WHAT IS NEEDED: Please retype every entry as written, and keep the pictures out.

===============

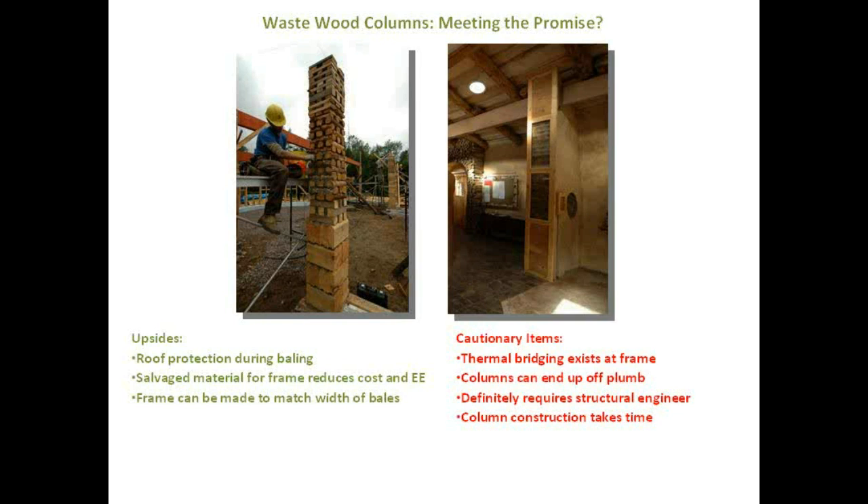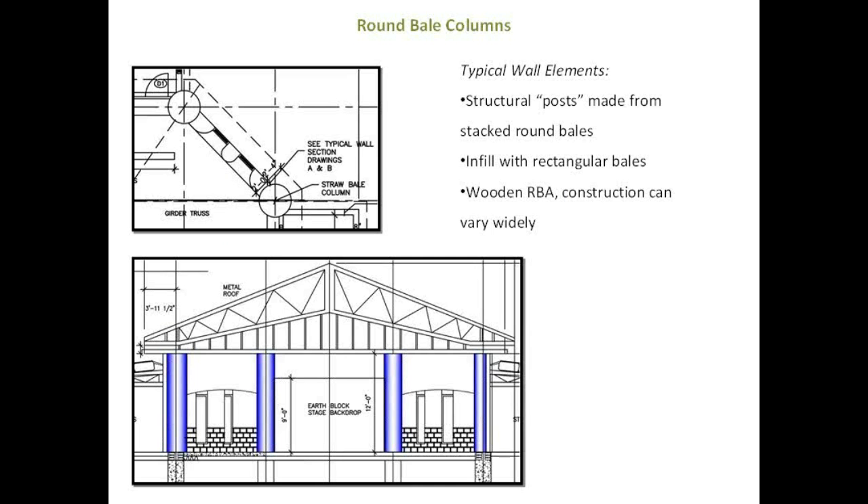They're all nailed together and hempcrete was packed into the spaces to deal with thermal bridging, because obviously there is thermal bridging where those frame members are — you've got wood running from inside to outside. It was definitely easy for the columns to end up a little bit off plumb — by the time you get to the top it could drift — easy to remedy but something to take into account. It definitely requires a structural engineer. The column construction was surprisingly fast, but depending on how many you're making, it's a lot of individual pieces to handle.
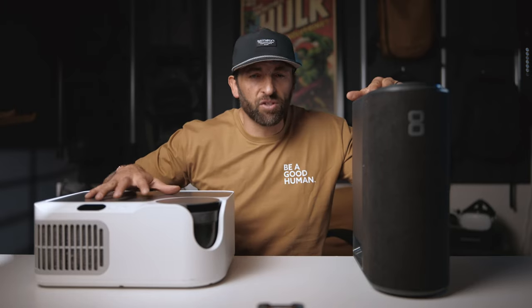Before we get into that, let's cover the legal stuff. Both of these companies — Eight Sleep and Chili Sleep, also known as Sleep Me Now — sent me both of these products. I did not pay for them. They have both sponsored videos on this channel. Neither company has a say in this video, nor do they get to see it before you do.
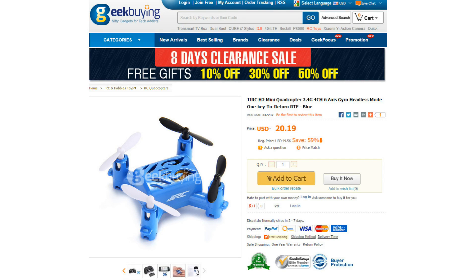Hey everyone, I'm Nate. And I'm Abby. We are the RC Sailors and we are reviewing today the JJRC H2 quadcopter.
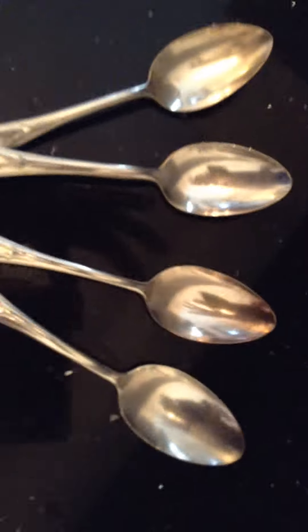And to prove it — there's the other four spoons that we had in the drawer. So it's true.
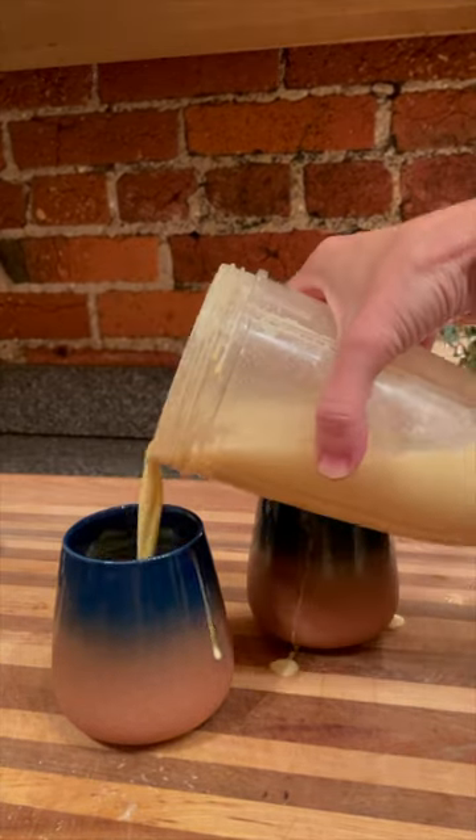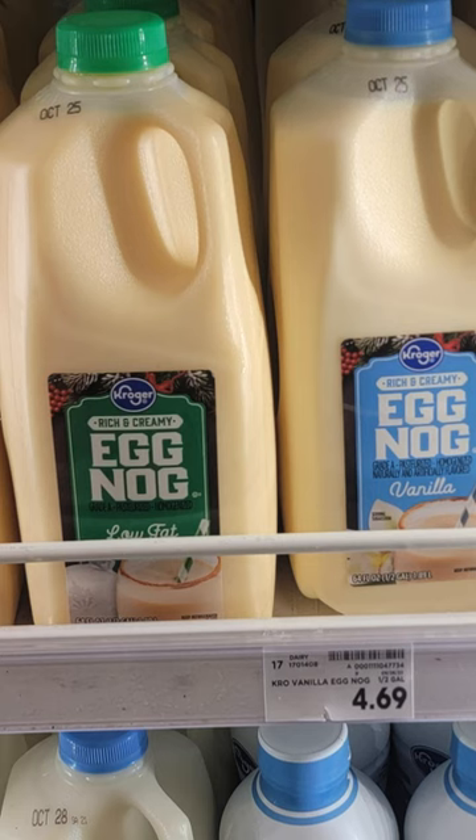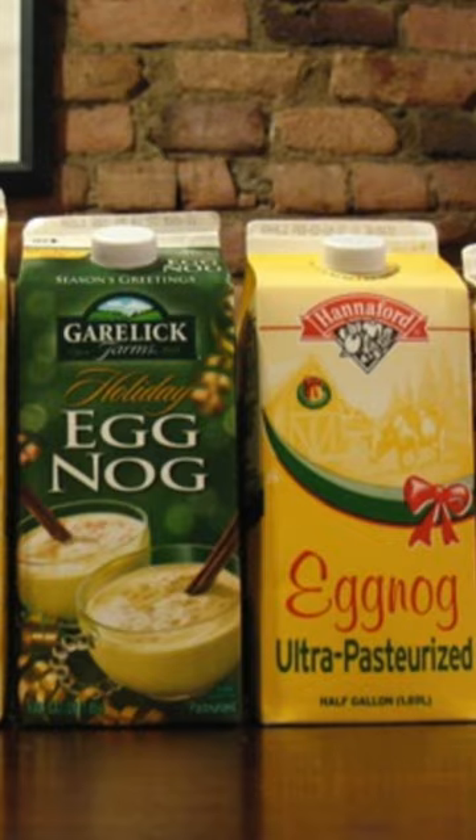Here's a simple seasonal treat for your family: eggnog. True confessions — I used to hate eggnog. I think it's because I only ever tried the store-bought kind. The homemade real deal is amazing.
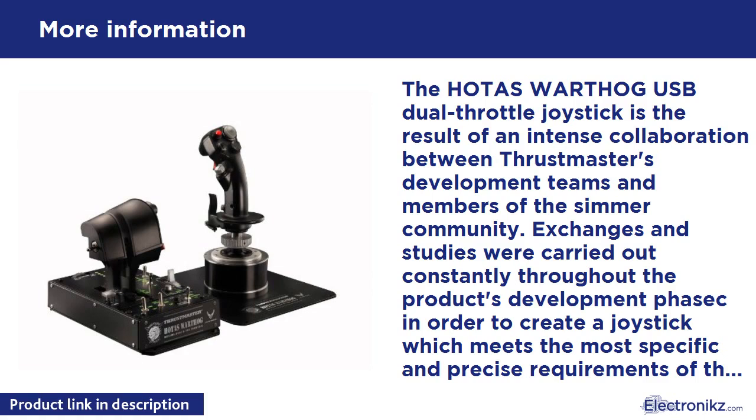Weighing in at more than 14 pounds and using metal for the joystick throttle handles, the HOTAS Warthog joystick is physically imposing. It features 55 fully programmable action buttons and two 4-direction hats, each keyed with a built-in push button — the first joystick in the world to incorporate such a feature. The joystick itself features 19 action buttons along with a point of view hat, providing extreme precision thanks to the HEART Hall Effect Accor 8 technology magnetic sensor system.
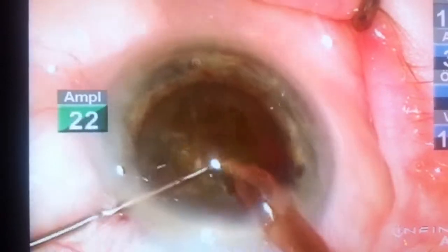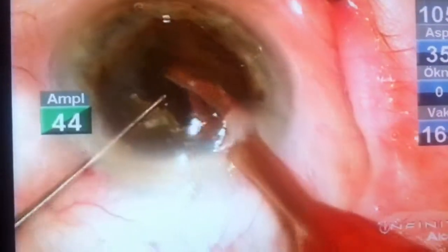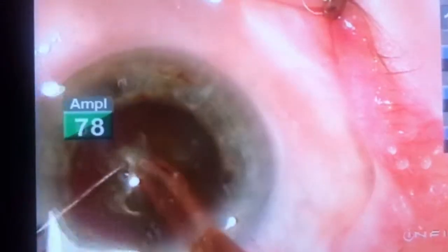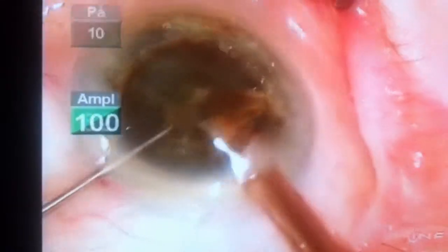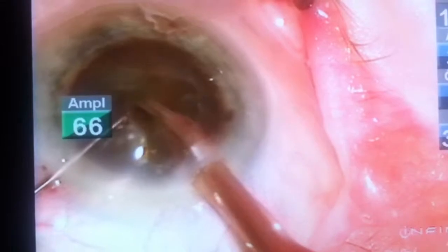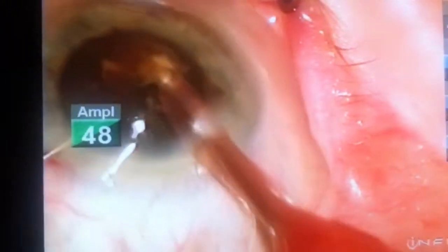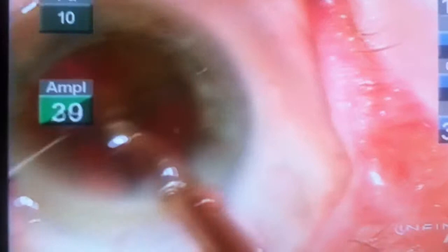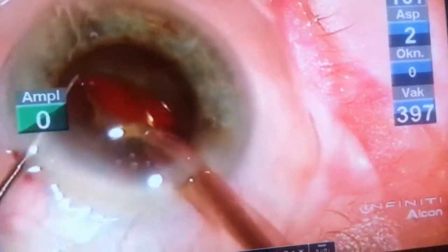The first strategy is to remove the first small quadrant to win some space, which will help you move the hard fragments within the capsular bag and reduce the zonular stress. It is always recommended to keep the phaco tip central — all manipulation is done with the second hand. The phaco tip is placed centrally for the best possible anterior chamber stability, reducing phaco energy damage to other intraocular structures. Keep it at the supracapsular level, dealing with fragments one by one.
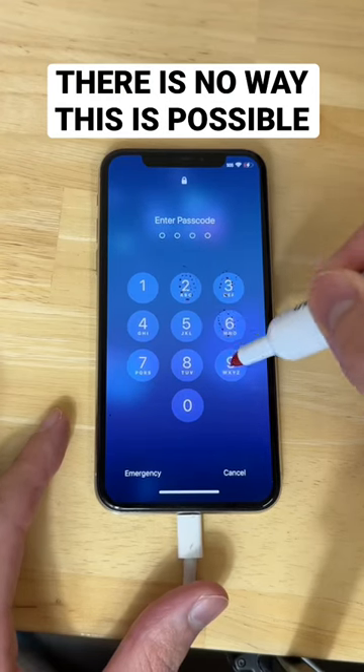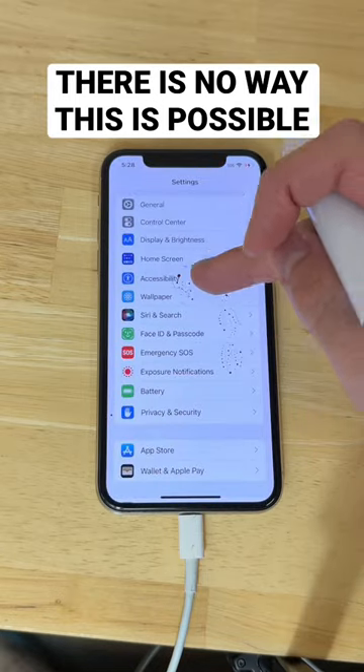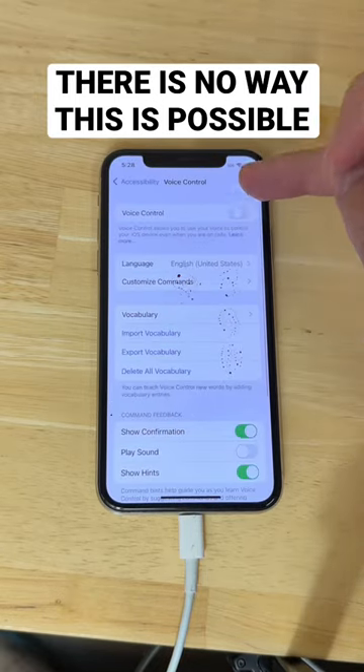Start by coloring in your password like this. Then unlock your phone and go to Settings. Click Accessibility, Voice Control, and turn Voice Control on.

===============

WRITTEN RESPONSE:
They're all nailed together and hempcrete was packed into the spaces to deal with thermal bridging, because obviously there is thermal bridging where those frame members are — you've got wood running from inside to outside. It was definitely easy for the columns to end up a little bit off plumb — by the time you get to the top it could drift — easy to remedy but something to take into account. It definitely requires a structural engineer. The column construction was surprisingly fast, but depending on how many you're making, it's a lot of individual pieces to handle.
Before we get into that, let's cover the legal stuff. Both of these companies — Eight Sleep and Chili Sleep, also known as Sleep Me Now — sent me both of these products. I did not pay for them. They have both sponsored videos on this channel. Neither company has a say in this video, nor do they get to see it before you do.
Hey everyone, I'm Nate. And I'm Abby. We are the RC Sailors and we are reviewing today the JJRC H2 quadcopter.
And to prove it — there's the other four spoons that we had in the drawer. So it's true.
Here's a simple seasonal treat for your family: eggnog. True confessions — I used to hate eggnog. I think it's because I only ever tried the store-bought kind. The homemade real deal is amazing.
Weighing in at more than 14 pounds and using metal for the joystick throttle handles, the HOTAS Warthog joystick is physically imposing. It features 55 fully programmable action buttons and two 4-direction hats, each keyed with a built-in push button — the first joystick in the world to incorporate such a feature. The joystick itself features 19 action buttons along with a point of view hat, providing extreme precision thanks to the HEART Hall Effect Accor 8 technology magnetic sensor system.
The first strategy is to remove the first small quadrant to win some space, which will help you move the hard fragments within the capsular bag and reduce the zonular stress. It is always recommended to keep the phaco tip central — all manipulation is done with the second hand. The phaco tip is placed centrally for the best possible anterior chamber stability, reducing phaco energy damage to other intraocular structures. Keep it at the supracapsular level, dealing with fragments one by one.
Start by coloring in your password like this. Then unlock your phone and go to Settings. Click Accessibility, Voice Control, and turn Voice Control on.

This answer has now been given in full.